[[ MATERIAL PROVIDED, beginning ]]
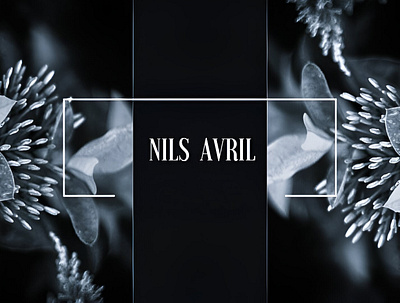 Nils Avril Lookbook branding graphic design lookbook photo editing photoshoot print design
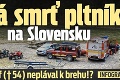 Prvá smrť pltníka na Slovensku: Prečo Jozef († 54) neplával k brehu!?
[[ MATERIAL PROVIDED, end ]]
[[ MATERIAL PROVIDED, beginning ]]
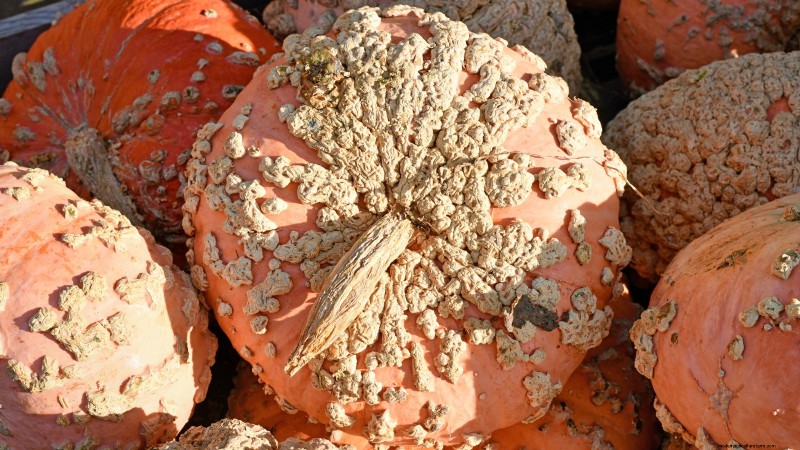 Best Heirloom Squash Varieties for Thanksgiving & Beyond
[[ MATERIAL PROVIDED, end ]]
[[ MATERIAL PROVIDED, beginning ]]
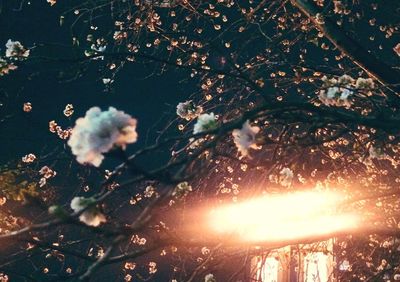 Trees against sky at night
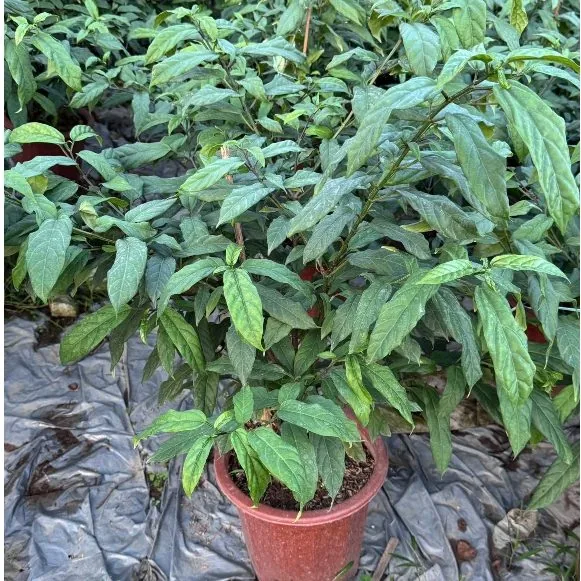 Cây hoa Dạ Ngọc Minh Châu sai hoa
[[ MATERIAL PROVIDED, end ]]
• **BRIEF**
In the records above, find the line with "Nils Avril Lookbook" and the line with "Prvá smrť pltníka", then restate word for word only those two lines and all lines between, omitting pictures.

• **THE ANSWER**
 Nils Avril Lookbook branding graphic design lookbook photo editing photoshoot print design
 Prvá smrť pltníka na Slovensku: Prečo Jozef († 54) neplával k brehu!?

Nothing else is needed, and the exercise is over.